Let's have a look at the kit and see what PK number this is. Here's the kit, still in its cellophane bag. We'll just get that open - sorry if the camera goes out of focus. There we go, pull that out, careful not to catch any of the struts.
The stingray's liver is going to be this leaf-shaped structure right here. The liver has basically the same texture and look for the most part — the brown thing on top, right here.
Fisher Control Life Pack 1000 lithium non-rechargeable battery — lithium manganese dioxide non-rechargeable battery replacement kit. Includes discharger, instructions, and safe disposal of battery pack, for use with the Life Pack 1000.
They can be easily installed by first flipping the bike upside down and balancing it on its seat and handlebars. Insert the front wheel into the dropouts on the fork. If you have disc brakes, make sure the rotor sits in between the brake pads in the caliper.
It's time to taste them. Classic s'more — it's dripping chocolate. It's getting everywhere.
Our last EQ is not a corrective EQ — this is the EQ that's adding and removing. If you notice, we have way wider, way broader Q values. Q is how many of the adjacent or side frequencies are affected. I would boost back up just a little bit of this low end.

---

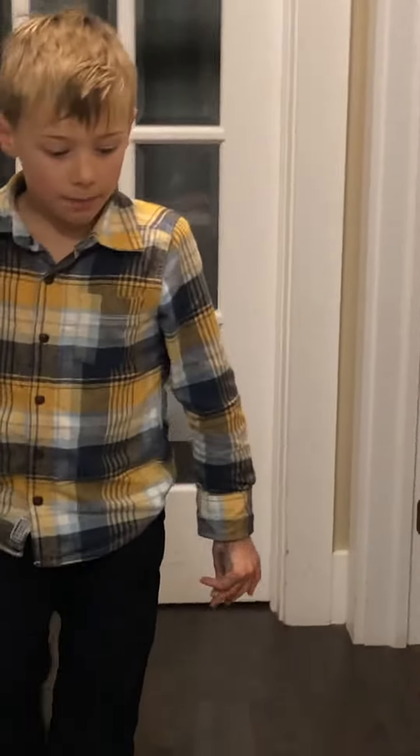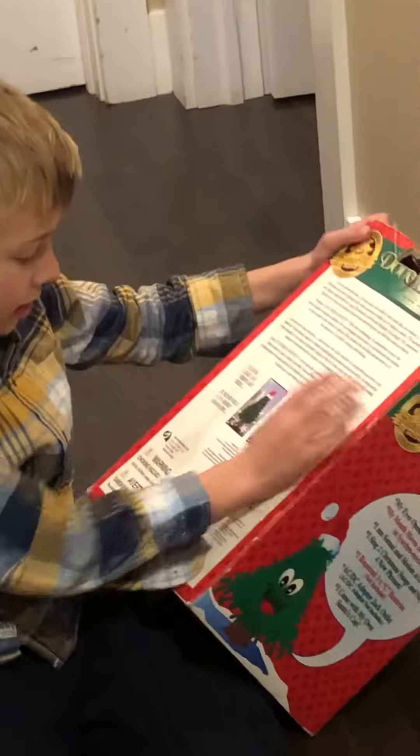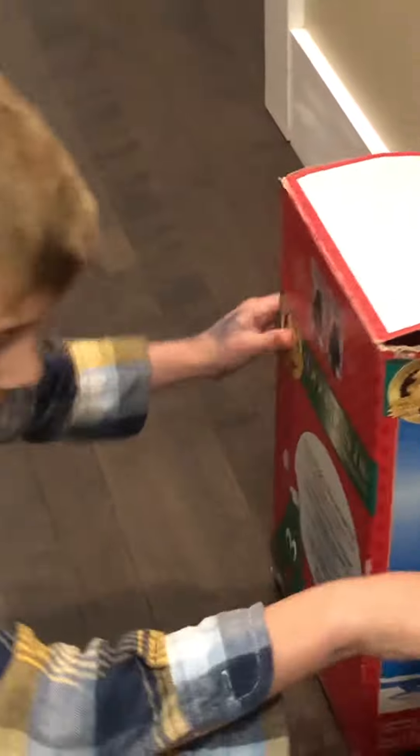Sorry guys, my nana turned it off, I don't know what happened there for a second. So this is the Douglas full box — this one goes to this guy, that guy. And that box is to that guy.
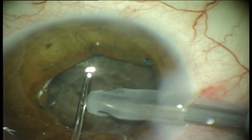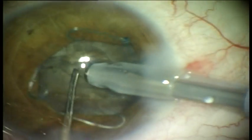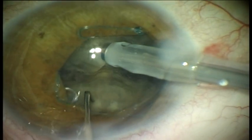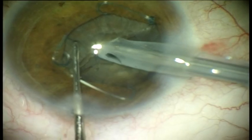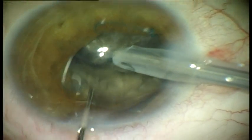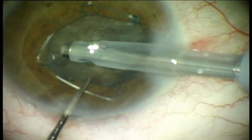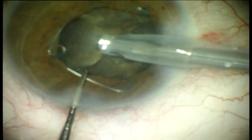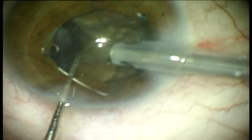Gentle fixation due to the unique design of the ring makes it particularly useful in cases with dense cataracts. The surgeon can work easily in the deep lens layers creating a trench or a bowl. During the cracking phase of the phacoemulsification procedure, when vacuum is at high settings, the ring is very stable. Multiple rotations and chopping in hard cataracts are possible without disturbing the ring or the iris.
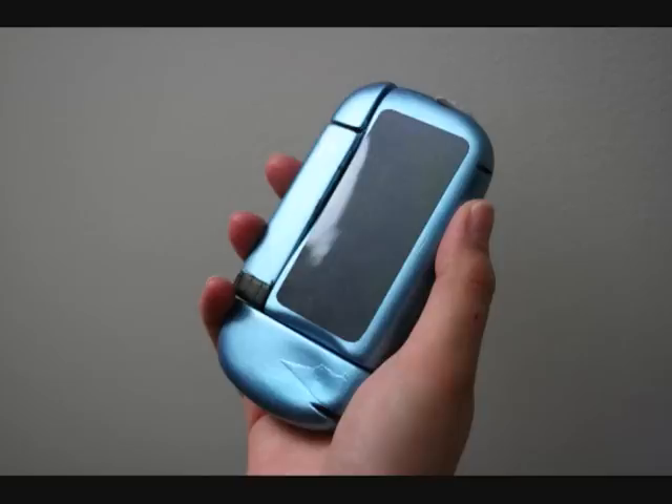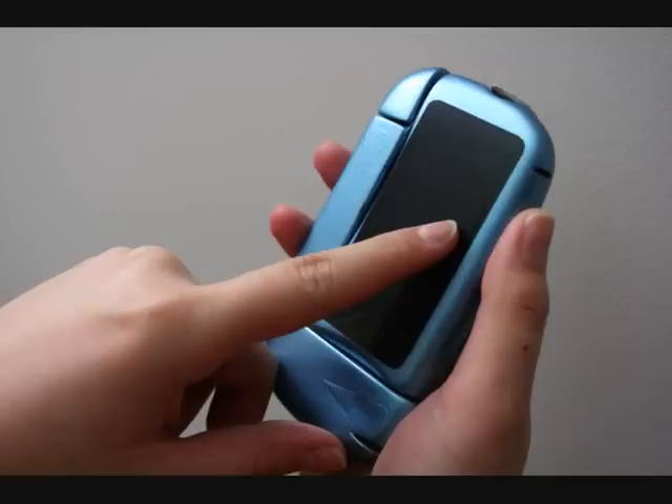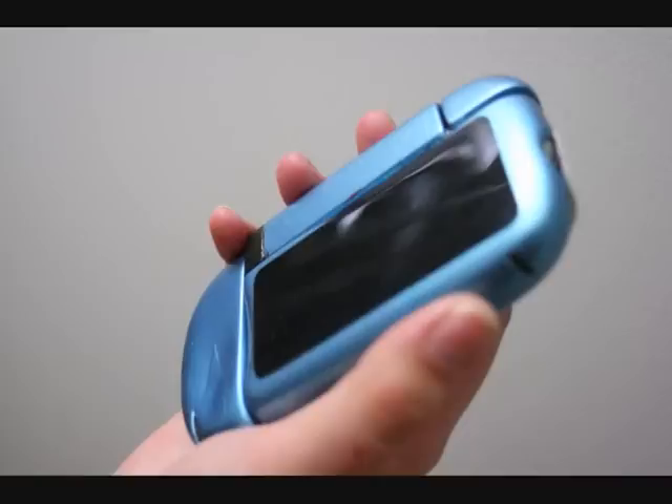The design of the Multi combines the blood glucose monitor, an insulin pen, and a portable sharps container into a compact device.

**WHAT YOU HAVE TO DO:** The answer must consist of every line from the data that holds the string "look".

**WRITTEN REPLY:**
Let's have a look at the kit and see what PK number this is. Here's the kit, still in its cellophane bag. We'll just get that open - sorry if the camera goes out of focus. There we go, pull that out, careful not to catch any of the struts.
The stingray's liver is going to be this leaf-shaped structure right here. The liver has basically the same texture and look for the most part — the brown thing on top, right here.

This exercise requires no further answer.